*What to produce*:
Print the full set of records below, character for character and picture-free.

Stored items from a collection

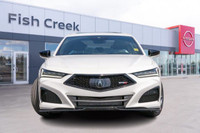 ==== 2022 Acura TLX Type S -- One Owner, No Accidents, Locally Acquired ==== This *2022 Acura TLX Ty... (image 1)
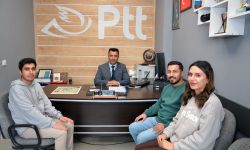 PTT’nin 186. Yılında Yeşil Afşin Gazetesi’nden Anlamlı Ziyaret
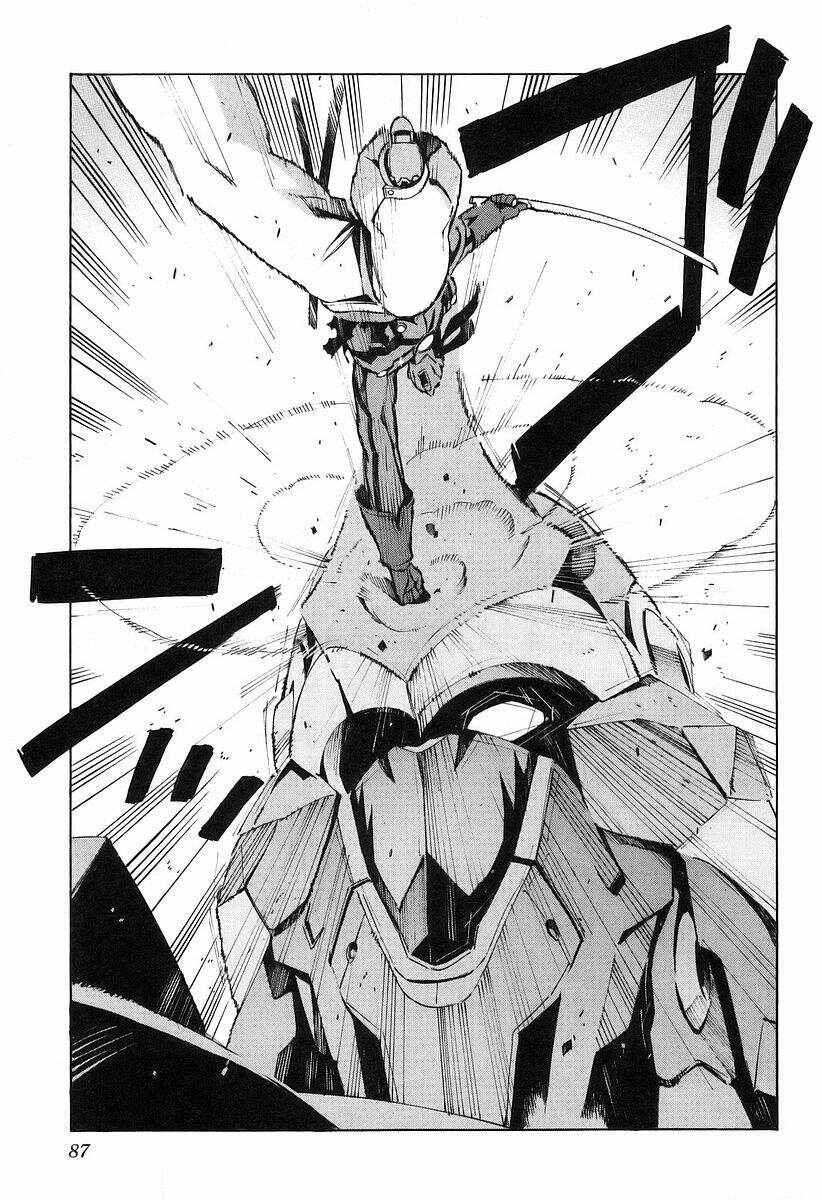 Page 9 Chapter 13 Linebarrels of Iron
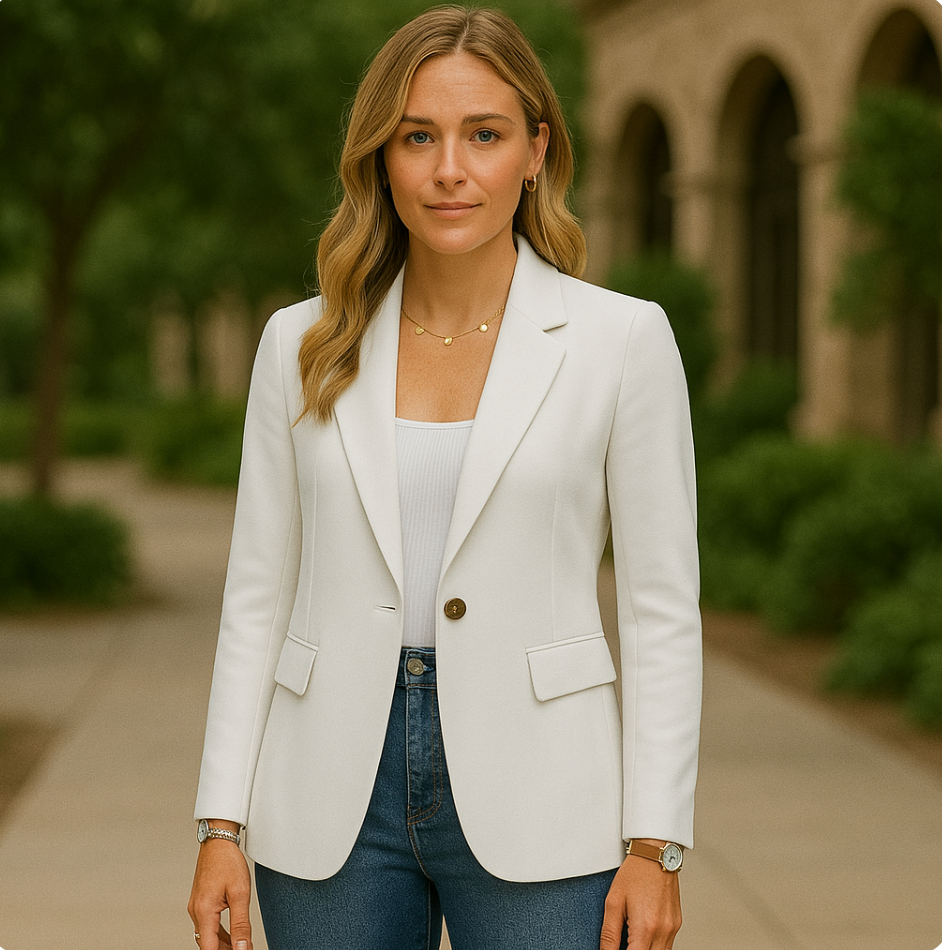 Lila - Classy Blazer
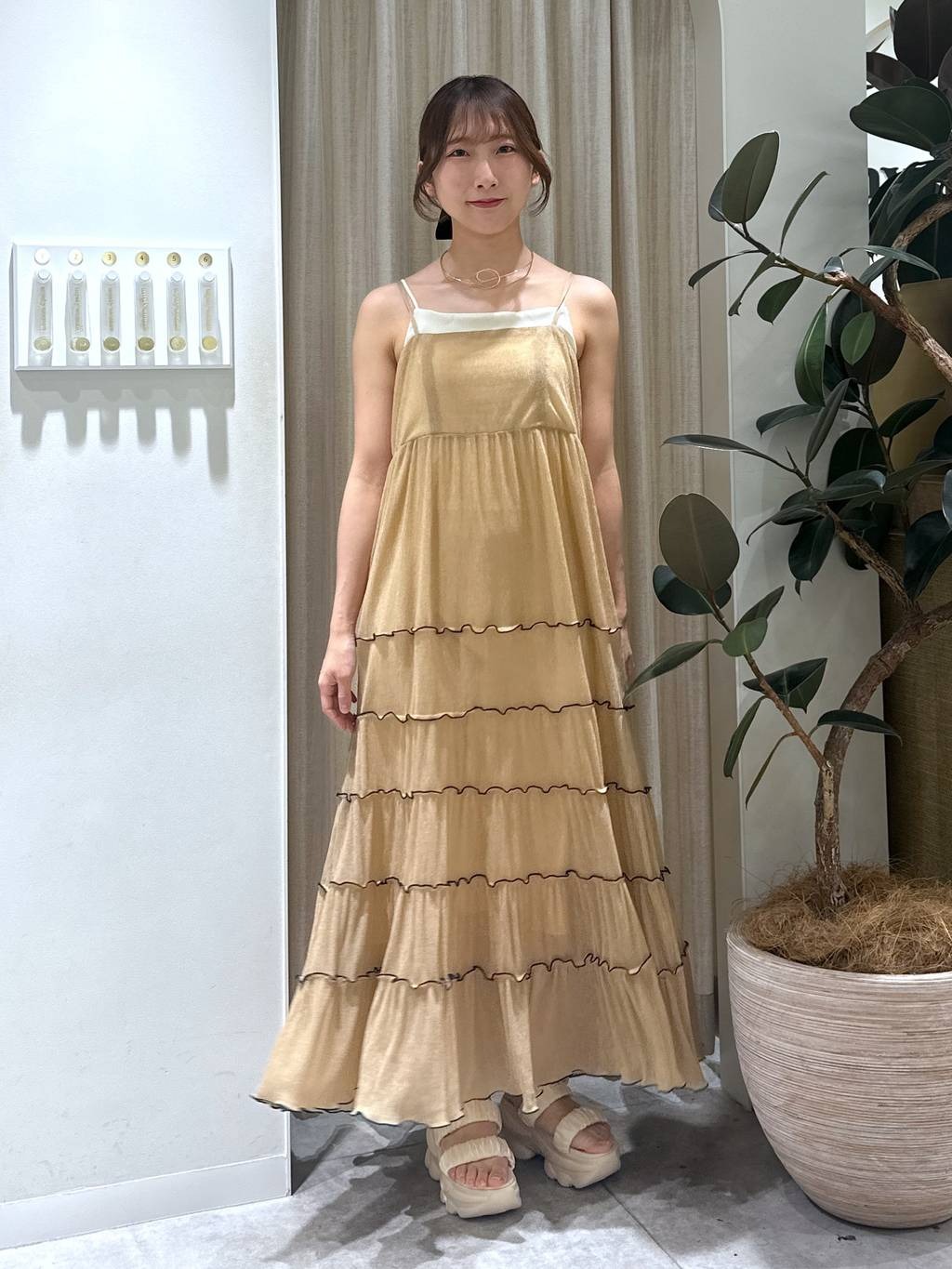 mysty womanのコーディネートを紹介します。｜Rakuten Fashion(楽天ファッション／旧楽天ブランドアベニュー)4349008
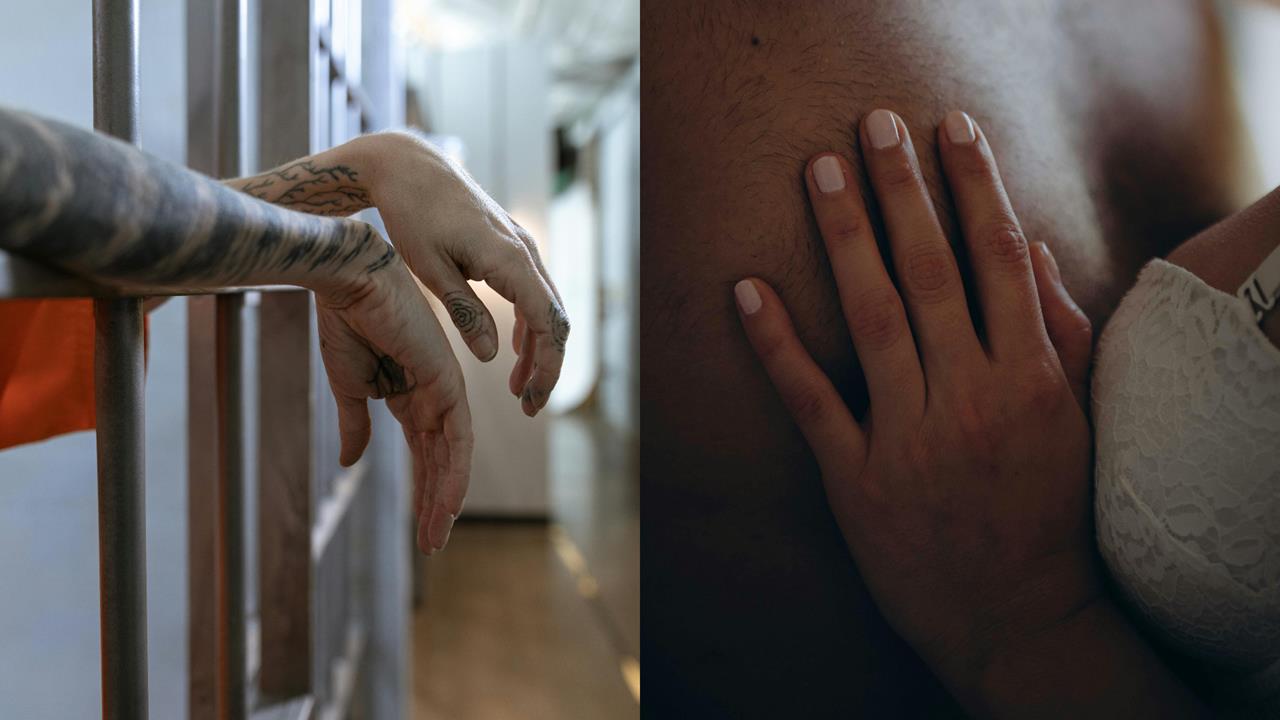 監獄「直送頂級女模」陪睡！中國大哥「...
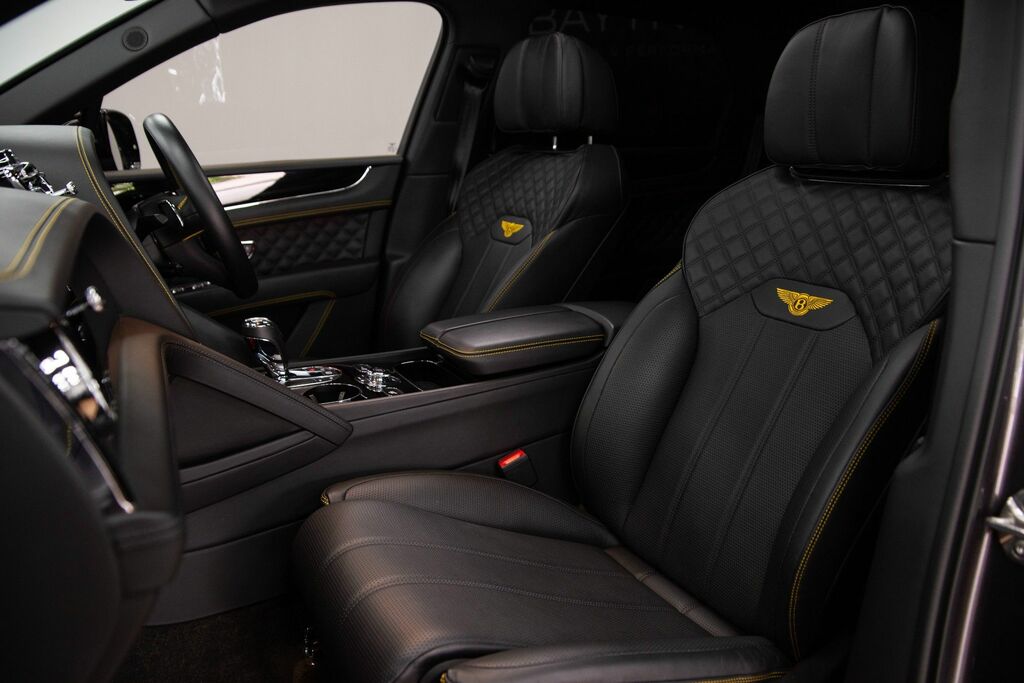 Bentley Bentayga Automatic Grey #4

*Reply*:
 ==== 2022 Acura TLX Type S -- One Owner, No Accidents, Locally Acquired ==== This *2022 Acura TLX Ty... (image 1)
 PTT’nin 186. Yılında Yeşil Afşin Gazetesi’nden Anlamlı Ziyaret
 Page 9 Chapter 13 Linebarrels of Iron
 Lila - Classy Blazer
 mysty womanのコーディネートを紹介します。｜Rakuten Fashion(楽天ファッション／旧楽天ブランドアベニュー)4349008
 監獄「直送頂級女模」陪睡！中國大哥「...
 Bentley Bentayga Automatic Grey #4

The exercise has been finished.